Experten: Regen ist für Felder und Wald "Rettung im letzten Moment"

16.6.2020, 06:00 Uhr
Endlich Wolken über den Zuckerrübenfeldern: Die Pflanzen sind gerade im Wachstum und brauchten nach der langen Trockenheit dringend Wasser.

© Julian Stratenschulte, dpa Endlich Wolken über den Zuckerrübenfeldern: Die Pflanzen sind gerade im Wachstum und brauchten nach der langen Trockenheit dringend Wasser.

Reichen die aktuellen Niederschläge schon aus, um die Defizite der vergangenen Wochen und Monate wieder auszugleichen? "Moment mal, ich muss kurz aus dem Fenster schauen", sagt der Leiter des Wasserwirtschaftsamts Nürnberg, Ulrich Fitzthum, gestern Mittag am Telefon. Seine Auskunft ist eindeutig: "Der momentane Landregen müsste dazu noch wochenlang fortdauern."

Zwischen 40 und 60 Liter pro Quadratmeter hat es am Wochenende in der Region geregnet. Wo vorübergehend Starkregen niederging, war es etwas mehr. Der Spitzenwert wurde in Bammersdorf bei Forchheim mit rund 80 Liter gemessen. Für eine erste grobe Entwarnung nach einer beängstigend langen Trockenphase hat das erst mal gereicht. Oder wie Ulrich Fitzthum sagt: "Für die Landwirtschaft und den Wald war es Rettung im letzten Moment."

Es ist "ein guter Anfang"

Dem kann Ottmar Braun, mittelfränkischer Geschäftsführer des Bauernverbands (BBV), nur zustimmen. Mais, Zuckerrüben, Kartoffeln und Hopfen sind gerade mitten in der Wachstumsphase und hatten schon viel zu lange auf Wasser verzichten müssen. Der Regen kam jetzt gerade noch rechtzeitig. "Es war zumindest ein guter Anfang", sagt Braun und hätte nichts dagegen, wenn der gleichmäßige Landregen noch etwas weiterginge.
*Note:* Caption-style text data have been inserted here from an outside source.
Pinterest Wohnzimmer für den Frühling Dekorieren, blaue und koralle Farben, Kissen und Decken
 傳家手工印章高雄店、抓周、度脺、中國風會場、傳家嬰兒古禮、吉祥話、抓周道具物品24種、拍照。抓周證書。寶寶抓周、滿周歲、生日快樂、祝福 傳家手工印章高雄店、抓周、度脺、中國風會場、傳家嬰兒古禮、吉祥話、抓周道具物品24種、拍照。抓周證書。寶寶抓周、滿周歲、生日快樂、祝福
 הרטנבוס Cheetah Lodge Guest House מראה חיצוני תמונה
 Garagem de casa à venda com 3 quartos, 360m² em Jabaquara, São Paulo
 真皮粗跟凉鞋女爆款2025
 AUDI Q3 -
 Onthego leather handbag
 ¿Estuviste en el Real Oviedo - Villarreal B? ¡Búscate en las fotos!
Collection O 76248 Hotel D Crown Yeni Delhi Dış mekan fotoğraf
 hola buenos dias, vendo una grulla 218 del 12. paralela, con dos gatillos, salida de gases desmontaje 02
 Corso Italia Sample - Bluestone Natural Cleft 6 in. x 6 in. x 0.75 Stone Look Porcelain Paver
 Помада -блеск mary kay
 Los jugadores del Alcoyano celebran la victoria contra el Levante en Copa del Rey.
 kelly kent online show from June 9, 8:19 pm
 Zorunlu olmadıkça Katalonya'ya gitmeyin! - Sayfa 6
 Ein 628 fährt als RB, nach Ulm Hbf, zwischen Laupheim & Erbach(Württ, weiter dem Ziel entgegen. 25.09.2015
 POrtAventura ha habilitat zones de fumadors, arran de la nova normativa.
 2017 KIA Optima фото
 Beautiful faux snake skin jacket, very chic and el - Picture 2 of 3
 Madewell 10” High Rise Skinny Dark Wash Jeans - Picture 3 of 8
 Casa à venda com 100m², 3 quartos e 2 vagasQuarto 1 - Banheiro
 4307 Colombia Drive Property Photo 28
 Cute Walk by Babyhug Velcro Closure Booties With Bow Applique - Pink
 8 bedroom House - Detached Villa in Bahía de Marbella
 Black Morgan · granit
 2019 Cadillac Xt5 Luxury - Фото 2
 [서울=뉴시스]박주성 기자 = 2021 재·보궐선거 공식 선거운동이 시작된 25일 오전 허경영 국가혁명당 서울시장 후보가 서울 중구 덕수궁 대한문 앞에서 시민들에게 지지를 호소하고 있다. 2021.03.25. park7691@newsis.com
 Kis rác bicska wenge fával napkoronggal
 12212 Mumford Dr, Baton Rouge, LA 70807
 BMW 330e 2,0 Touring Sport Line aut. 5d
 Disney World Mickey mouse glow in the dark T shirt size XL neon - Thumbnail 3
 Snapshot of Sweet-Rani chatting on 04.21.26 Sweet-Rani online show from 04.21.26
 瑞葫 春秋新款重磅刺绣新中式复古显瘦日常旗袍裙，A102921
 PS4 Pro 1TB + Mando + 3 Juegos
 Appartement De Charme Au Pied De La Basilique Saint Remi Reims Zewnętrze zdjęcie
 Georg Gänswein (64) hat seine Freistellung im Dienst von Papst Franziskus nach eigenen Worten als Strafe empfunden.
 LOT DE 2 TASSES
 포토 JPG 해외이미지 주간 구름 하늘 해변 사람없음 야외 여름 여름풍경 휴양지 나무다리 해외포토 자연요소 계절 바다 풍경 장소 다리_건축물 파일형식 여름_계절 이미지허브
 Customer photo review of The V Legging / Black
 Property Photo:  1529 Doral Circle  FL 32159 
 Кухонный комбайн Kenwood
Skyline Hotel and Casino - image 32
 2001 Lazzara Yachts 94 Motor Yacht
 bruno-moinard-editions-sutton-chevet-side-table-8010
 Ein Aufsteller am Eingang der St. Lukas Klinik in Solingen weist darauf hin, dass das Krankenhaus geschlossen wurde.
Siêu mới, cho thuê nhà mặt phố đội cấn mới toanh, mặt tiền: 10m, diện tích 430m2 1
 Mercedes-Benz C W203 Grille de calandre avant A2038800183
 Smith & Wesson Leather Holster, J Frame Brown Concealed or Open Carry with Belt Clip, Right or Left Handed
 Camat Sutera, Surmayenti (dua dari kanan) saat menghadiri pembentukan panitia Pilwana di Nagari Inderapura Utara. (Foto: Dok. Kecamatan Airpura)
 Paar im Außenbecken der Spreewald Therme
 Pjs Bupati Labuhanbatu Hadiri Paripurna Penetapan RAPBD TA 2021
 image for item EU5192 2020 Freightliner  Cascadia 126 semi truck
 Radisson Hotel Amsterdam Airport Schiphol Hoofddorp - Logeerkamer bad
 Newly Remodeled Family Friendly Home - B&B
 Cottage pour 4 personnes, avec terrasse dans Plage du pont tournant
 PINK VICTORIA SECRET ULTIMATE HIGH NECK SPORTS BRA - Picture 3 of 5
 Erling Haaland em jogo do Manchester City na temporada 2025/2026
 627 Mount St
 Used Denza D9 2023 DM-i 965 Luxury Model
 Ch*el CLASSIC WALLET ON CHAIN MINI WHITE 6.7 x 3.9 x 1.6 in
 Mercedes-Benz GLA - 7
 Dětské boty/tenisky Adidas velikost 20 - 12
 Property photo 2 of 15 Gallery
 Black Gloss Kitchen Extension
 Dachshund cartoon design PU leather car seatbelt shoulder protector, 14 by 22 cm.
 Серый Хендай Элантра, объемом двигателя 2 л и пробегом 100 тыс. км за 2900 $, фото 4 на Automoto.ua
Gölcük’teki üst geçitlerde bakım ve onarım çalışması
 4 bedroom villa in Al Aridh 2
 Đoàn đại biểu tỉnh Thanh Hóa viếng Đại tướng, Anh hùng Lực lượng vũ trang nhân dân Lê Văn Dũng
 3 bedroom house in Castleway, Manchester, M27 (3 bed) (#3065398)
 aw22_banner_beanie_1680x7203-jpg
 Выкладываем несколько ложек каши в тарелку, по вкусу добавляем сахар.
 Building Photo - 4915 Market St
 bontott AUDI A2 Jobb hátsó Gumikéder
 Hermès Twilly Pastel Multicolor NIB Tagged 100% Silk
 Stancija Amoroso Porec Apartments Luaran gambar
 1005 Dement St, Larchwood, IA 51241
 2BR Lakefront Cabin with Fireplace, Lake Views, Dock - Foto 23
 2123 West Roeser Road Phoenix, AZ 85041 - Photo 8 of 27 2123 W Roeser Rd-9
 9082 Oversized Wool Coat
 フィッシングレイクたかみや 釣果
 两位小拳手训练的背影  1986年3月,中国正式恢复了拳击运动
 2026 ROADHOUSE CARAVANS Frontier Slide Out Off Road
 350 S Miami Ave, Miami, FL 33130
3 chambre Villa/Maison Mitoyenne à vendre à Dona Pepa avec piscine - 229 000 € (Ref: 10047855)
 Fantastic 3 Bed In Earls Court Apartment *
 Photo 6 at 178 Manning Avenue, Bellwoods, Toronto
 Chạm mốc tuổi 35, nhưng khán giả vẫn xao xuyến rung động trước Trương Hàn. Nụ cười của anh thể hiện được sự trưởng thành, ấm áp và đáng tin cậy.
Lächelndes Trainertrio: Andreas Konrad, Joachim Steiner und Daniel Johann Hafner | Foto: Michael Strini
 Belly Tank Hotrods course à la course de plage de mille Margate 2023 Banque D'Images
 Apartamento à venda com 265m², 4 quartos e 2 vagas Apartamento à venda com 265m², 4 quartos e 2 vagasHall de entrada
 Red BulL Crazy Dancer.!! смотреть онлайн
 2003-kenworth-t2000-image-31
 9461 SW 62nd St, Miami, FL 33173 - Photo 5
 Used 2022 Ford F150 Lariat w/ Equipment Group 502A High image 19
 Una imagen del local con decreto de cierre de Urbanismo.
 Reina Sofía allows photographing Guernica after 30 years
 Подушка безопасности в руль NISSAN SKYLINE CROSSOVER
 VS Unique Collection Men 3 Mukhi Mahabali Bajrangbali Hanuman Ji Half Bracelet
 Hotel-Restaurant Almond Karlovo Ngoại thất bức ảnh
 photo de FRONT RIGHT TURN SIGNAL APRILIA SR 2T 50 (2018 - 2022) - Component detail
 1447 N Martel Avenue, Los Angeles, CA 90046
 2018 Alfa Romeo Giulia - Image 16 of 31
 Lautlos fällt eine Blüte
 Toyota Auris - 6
Auch wenn mancherorts Gewitter niedergingen, waren die Niederschläge aus Sicht der Bauern bisher sehr schön dosiert. Das Wasser weichte allmählich den Boden auf und kann dadurch auch in etwas tiefere Schichten eindringen. Allzu starke Wolkenbrüche blieben aus. Wären sie auf den harten ausgetrockneten Boden getroffen, wäre ein Großteil des Wassers an der Oberfläche abgelaufen und in Bächen oder Flüssen gelandet. Obendrein hätte das noch zu Erosion auf den Feldern geführt. Sprich: das Wasser hätte nährstoffreichen Boden weggespült.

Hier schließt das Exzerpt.